The Tower’s collapse represents ecological and mythological dimensions as well. The dream’s Empire State Building, perched precariously on stilts, represents a vulnerability to the ocean rising which is one factor of climate change. In waking life, architectural students in New York are trying to work out how to raise buildings to survive the rising waters. On the right side of the Tower card in the Voyager deck, a golden idol plummets from the sky, recalling the myth of King Midas, who had a golden touch but whose pursuit of wealth destroyed everything he loved. Unbridled capitalism’s reverence for money over people and nature mirrors this destructive myth.
The rising of the waters is archetypal for the rise of the Divine Feminine. This dream presaged the tsunami of the “Me Too” movement that toppled major icons of the ruling patriarchy.

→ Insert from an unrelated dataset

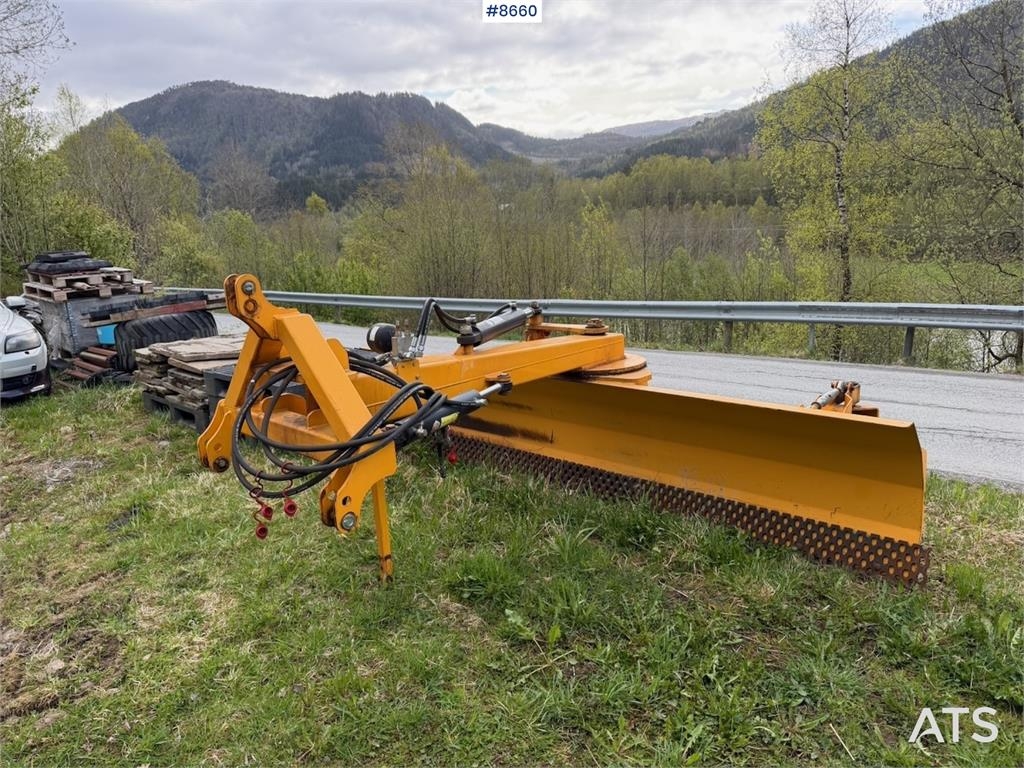 CZTCH 300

As I embodied the images from the dream and the Tarotpy images, my heart broke open. I was plunged into a depth of grief. I felt anguish for the nation and a world in turmoil. I felt aggrieved by a culture that devalues the feminine and denies the reality of a mystical connection between nature and Spirit. I surrendered to a tidal wave of emotions, dissolving all boundaries between myself, my soul, and the world.
The teacher (Robbie) in the dream states that achieving personal wholeness requires us to immerse individual egoism into the collective. We transcend denial and busyness and connect with the collective pain that reverberates throughout the world. This personal and collective surrender is about submerging into the emotional (fluid) body of the Great Mother. A universal lament becomes essential—a collective wail for transformation. Embracing our grief becomes integral to healing; a necessary step toward wholeness.